Looks great! Do you have water filter for water part and bulkhead? I see Zoomed has a new Paludarium wad thinking of trying it with hour glass frogs.


----------



## gotfrogs (Nov 15, 2008)

Cakers said:


> Looks great! Do you have water filter for water part and bulkhead? I see Zoomed has a new Paludarium wad thinking of trying it with hour glass frogs.




Yes, I have an oversized filter on the setup. See the first post in the thread.


----------



## Betta132 (May 12, 2012)

Corydoras catfish are social. If you don't have the room for a shoal, get rid of the one. 

Careful with that Nepenthes. They're great, but they can grow fairly large. Make sure its pitchers never get large enough that a frog could fit through the rim. If it starts getting too large, you can acclimate it to live as a houseplant, that's one of the hardier neps. I have one that grows happily as a houseplant over a saucer with some water in it for humidity.


----------



## chuckfa (Aug 13, 2018)

Nice job!! Can you share the 3-D printer sketch file for the orchid planters?


----------



## Heartagramtc (Jul 24, 2011)

gotfrogs said:


> I added 44lbs of shrimp stratum substrate to the tank.


Can you tell me how you made the substrate barrier? I'm planning on redoing a tank and I really like the look.


----------



## gotfrogs (Nov 15, 2008)

I am overdue for an update. The two monkey tree frogs are enjoying their home.


----------



## gotfrogs (Nov 15, 2008)

Heartagramtc said:


> Can you tell me how you made the substrate barrier? I'm planning on redoing a tank and I really like the look.

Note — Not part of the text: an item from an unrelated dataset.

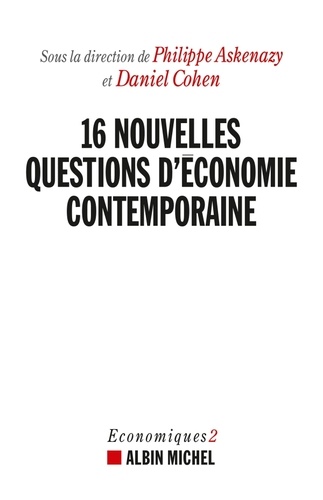 16 Nouvelles Questions D'économie Contemporaine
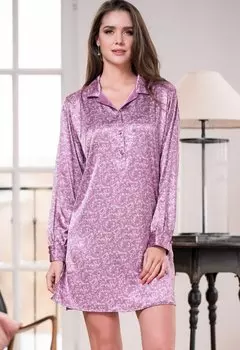 Туника Dominika Цвет: Сливовый (42-44)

Sorry for not getting back to you! I used EpiWeb panels that I cut in strips, stacked and secured with black silicone. It has held up well.


----------



## gotfrogs (Nov 15, 2008)

chuckfa said:


> Nice job!! Can you share the 3-D printer sketch file for the orchid planters?


Here you go: https://www.thingiverse.com/thing:2866054


----------



## Socratic Monologue (Apr 7, 2018)

gotfrogs said:


> I am overdue for an update. The two monkey tree frogs are enjoying their home.


I see you started with tincs. Why the change?


----------